Composer Dani Howard talks about her new trombone concerto
A return to the Thoroughly Good Classical Music Podcast for composer Dani Howard who I met up with at the Royal Liverpool Philharmonic Orchestra premiere of her new trombone concerto written for Peter Moore. Dani was clearly very excited by the impending premiere (we met in the hotel opposite the hall before the concert). The episode is a great example of why I love making the podcast – it is an opportunity to benefit from other people’s energy. The trombone concerto was premiere in June 2021 and has since been performed by the London Symphony Orchestra and Ulster Orchestra.
Tenor Nicky Spence and Help Musicians UK CEO James Ainscough
Tenor Nicky Spence has cropped up in all sorts of places this year, supporting Blackheath Community Opera, appearing on Orchestra of the Swan’s brilliant Labyrinth 2021 album release. In September he was made an ambassador for Help Musicians UK. Both Spence and HMUK CEO James Ainscough reflected on the impact the pandemic has had on musicians across the UK, and the way in which the charity has responded.
Clarinettist Andreas Ottensamer
Clarinettist Andreas Ottensamer and I met in an unexpectedly uncomfortable dressing room at Dubai Opera. Ottensamer was appearing in the InClassica Music Festival. Signed to DG, principal in the Berlin Philharmonic, and ridiculously cool, meeting Ottensamer was a bit of a treat (given that I’m a clarinettist), not least because it was my birthday. Ottensamer also made his UK conducting debut with the Bournemouth Symphony Orchestra earlier this year.
Pianist Clare Hammond on playing to prisoners
Pianist Clare Hammond was scheduled to play at the Aldeburgh Festival in 2021, though she will appear in the 2022 Festival.

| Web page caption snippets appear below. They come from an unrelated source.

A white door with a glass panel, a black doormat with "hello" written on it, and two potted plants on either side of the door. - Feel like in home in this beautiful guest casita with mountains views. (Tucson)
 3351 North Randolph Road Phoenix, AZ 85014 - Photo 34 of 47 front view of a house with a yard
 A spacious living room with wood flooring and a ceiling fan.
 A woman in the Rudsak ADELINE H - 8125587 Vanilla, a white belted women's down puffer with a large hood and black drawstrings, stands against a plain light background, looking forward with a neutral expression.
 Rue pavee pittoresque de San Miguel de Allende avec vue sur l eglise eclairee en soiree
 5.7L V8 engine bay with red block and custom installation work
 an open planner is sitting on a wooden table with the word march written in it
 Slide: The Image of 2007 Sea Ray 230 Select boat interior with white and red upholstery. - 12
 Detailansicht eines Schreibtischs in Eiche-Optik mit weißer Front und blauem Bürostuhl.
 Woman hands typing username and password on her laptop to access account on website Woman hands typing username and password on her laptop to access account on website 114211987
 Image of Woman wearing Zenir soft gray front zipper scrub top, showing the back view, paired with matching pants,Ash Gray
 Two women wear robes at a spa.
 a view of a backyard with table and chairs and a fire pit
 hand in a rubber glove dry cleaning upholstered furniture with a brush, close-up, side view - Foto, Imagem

She and I met on Zoom to talk about her work bringing classical music to prisoners.
Music in Care Homes
The interviews in this podcast were actually recorded on June 14th 2021 soon after care homes were opened up to visitors, and specifically in this case to visiting musicians. This episode is a case of returning to basic principles, witnessing the impact that music has on individuals in the same physical space, something that is vital for the mental health of care home residents. Thanks to the team at Live Music Now for arranging access to Priscilla Wakeford House in North London.
Horn player Ben Goldscheider
This interview was recorded at the Lammermuir Festival in Scotland where I got to hear stunning performances from pianist Jeremy Denk and members of the Kaleidoscope Chamber Ensemble, of which horn player Ben Goldscheider is a member. In this profile interview, Golscheider reflects on his journey to playing the horn, and the influence of horn player Dennis Brain. Ben speaks with tremendous maturity and stillness throughout the interview which listening back today I still find compelling.
Tom Poster and Elena Urioste’s Jukebox Album
A short episode to finish off this selection spotlighting Tom Poster and Elena Urioste’s joyous lockdown project now immortalised in high-quality audio. Their Jukebox started off as the two musicians releasing music videos every day during lockdown in the US. As the requests flooded in for bespoke arrangements for piano and violin, so the range of music widened. The project is a digital content strategist’s dreamy kind of case study of what works, how it works and what you need to make any future idea fly on the internet.
Thanks to everyone who has participated in the Thoroughly Good Classical Music Podcast this year.